Cameron Schaefer, Head of Music & Brand: Toot away, man.
Two years in a row, me and my wife took trips to Memphis, and when I was at a record store there, I was like, “Wait, why don’t I own every Al Green record? This seems like a terrible oversight.” So I bought a bunch of them used in Memphis, and on that trip and at a local store at home, but I couldn’t find Call Me for a really long time in the wild. So I cracked and looked at Discogs, and realized that, despite most of the rest of his earlier catalog being reissued, Fat Possum — who has the rights to Hi Records, Green’s longtime label — hadn’t done a new pressing of Call Me. And since I work at a place that does vinyl reissues, that got my brain working (laughs). This is widely considered one of the best soul albums of all time, and it’s probably Al Green’s best overall album — it’s a masterpiece. It needs to be reissued. So I reached out to our friends at Fat Possum — who we worked with most recently on our Townes Van Zandt Record of the Month last fall — and asked them about this. They basically just hadn’t gotten to the album in their Al Green campaign, and were stoked to work with us on this. And then you came in for the crazy remastering we did.
Yeah, when you zeroed in on this title, assuming the answer would be, “We do, but we don’t want to risk them,” I asked Fat Possum if they had the original master tapes of this. They said they’d have to look in the space they have by Memphis. So they drive out, and find the original tapes. And I remember getting a text where it was just a picture of these tapes in a box, that were labeled “Al Green — Call Me” on them. So they took the tapes to Ryan Smith in Nashville at Sterling Sound, and had him cut direct to lacquer. Then we had him send the lacquers a couple states over to QRP in Salinas, Kansas, and they did the metalwork and the pressing.

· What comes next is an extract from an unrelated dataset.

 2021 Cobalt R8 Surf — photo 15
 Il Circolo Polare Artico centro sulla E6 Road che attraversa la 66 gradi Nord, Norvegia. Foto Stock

When we first listened to the test pressings, when you get 10 seconds in, I thought, “This is the best sounding record Vinyl Me, Please has ever pressed.” We’ve pressed a lot of great sounding records, but you can hear his tone so clearly, and you can hear when Al Green leans in and away from the mic, that’s how good the tapes are. I’ve tried to think if there is a better possible combination of people and processes to put out the highest quality record, and I can’t think of any. We have one of the top mastering engineers in the world, and pressed at a plant putting out some of the best sounding records out right now. I can’t think of how we could have done this better, or more top of the line.
And you said that Chad at QRP did some A/B testing and is convinced this sounds better than the original, right?
Yeah, Chad Kassem, the owner of QRP and Acoustic Sounds, we worked closely on this project. He has a machine where he can queue up two records at once and can switch back and forth in real time and do really fine-tuned A/B testing. He found a mint copy of the original, and compared them, and he said he thinks this remaster sounds better, and was really proud with how this came together. We are too.
And, like always, this is on 180-gram black vinyl. All-analog reissue. And features Listening Notes booklet from Robert Gordon, an amazing writer who has done some other Al Green liners, and also written whole books on Muddy Waters and Stax records, among others. This is one of the craziest packages we’ve put together for Classics, and it’s awesome to celebrate the two-year anniversary of the sub this way.